La oscuridad del bosque se sentía más densa que nunca, como si las sombras mismas contuvieran la respiración, esperando un descuido.
Aldric despertó antes del alba, impulsado por un presentimiento que vibraba en su mente como un eco insistente. Ajustó la capa sobre los hombros, tomó el bastón —no un arma, sino un voto antiguo— ese que le habia legado su abuelo, uno de los grandes brujos del reino de Elorian.
En ese baston se guardaba la magia mas antigua y el debia usarla con sabiduria.
Avanzó hacia el norte, donde las trampas mágicas protegían la frontera del reino, más allá del Sendero de la Luz.
Debía proteger a la mujer que dormía en la cueva. Sabía que, si las sombras la capturaban, la convertirían en un arma mortal contra su propio reino.
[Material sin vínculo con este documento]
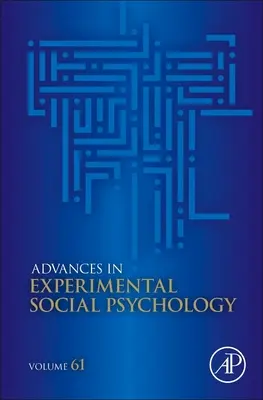 Avansuri în psihologia socială experimentală: Volumul 61 - Advances in Experimental Social Psychology: Volume 61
Y él era el único capaz de impedirlo.
No podía darse el lujo de fallar. Era su deber… y también su condena.
Pensó en su hijo. Pequeño, ajeno aún al peso del mundo, a salvo con su abuela en las afueras del bosque del norte. Por él seguiría luchando. Por él, erradicaría el mal de aquel páramo aunque le costara la vida.
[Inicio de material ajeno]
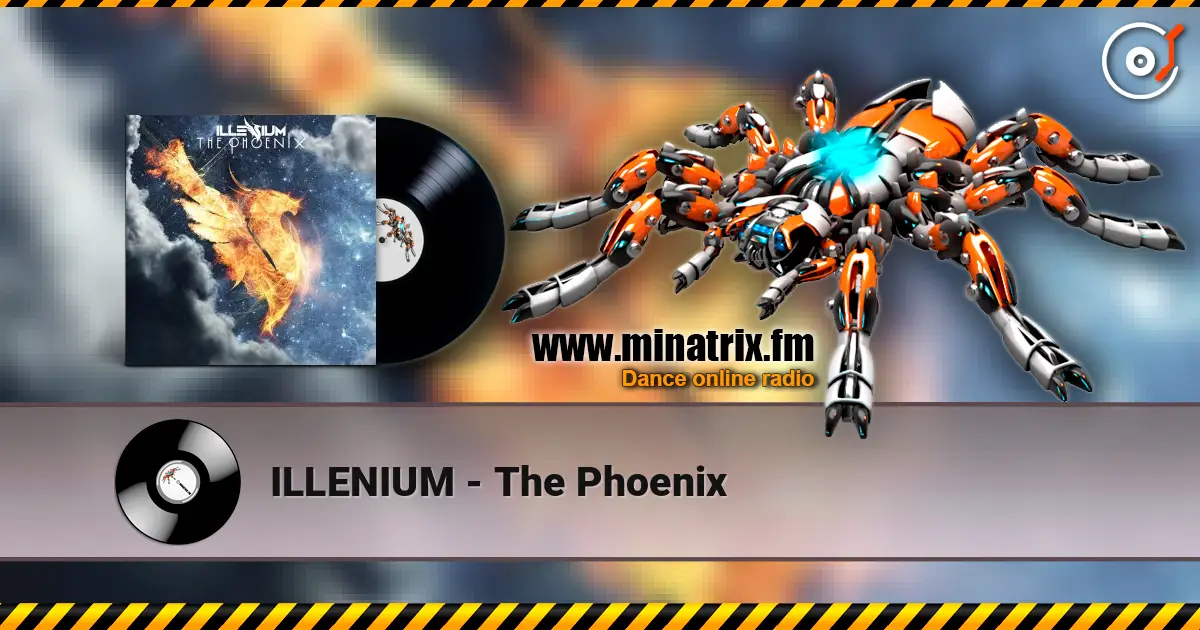 ILLENIUM - The Phoenix écouter en ligne en haute qualité | Minatrix.FM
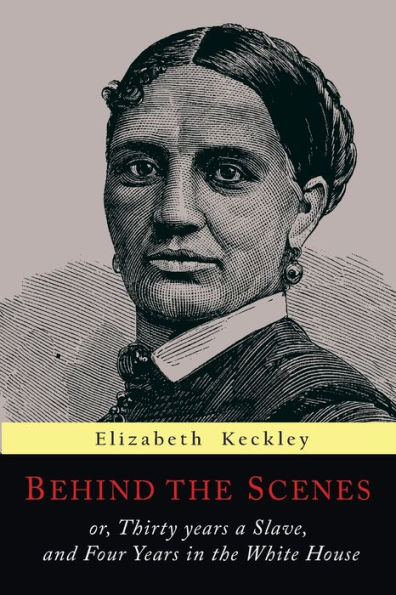 Behind the Scenes: Or, Thirty Years a Slave, and Four Years in the White House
Un sonido extraño lo arrancó de sus pensamientos.
Luego, una risa conocida.
El aire se volvió más frío, cargado de una energía ajena, corrupta. Cada paso crujía sobre las hojas secas y un ruido lejano agudizó sus sentidos.
No estaba solo.
De las sombras emergieron dos figuras.
Elfos oscuros.
No se había equivocado. Esperaban a la princesa. Planeaban capturarla.
Lo que no sabían era que esa noche él sería el cazador.
El primero era alto y delgado, de piel pálida que parecía absorber la escasa luz del bosque. Sus ojos eran pozos vacíos, su sonrisa una herida torcida.
El segundo, más bajo y robusto, sostenía una vara negra que emanaba un aura de amenaza pura.
Hablaron en un idioma ancestral, áspero, tejido con odio. Aldric comprendió de inmediato: no habría negociación.
Alzó el bastón e invoco la luz.
La luz respondió.
Un escudo resplandeciente brotó frente a él, chisporroteando al contacto con la magia oscura. La ofensiva fue inmediata: el elfo más bajo lanzó un rayo negro que se enroscó como una serpiente viva. Aldric giró apenas a tiempo; la sombra impactó contra un árbol, reduciéndolo a cenizas.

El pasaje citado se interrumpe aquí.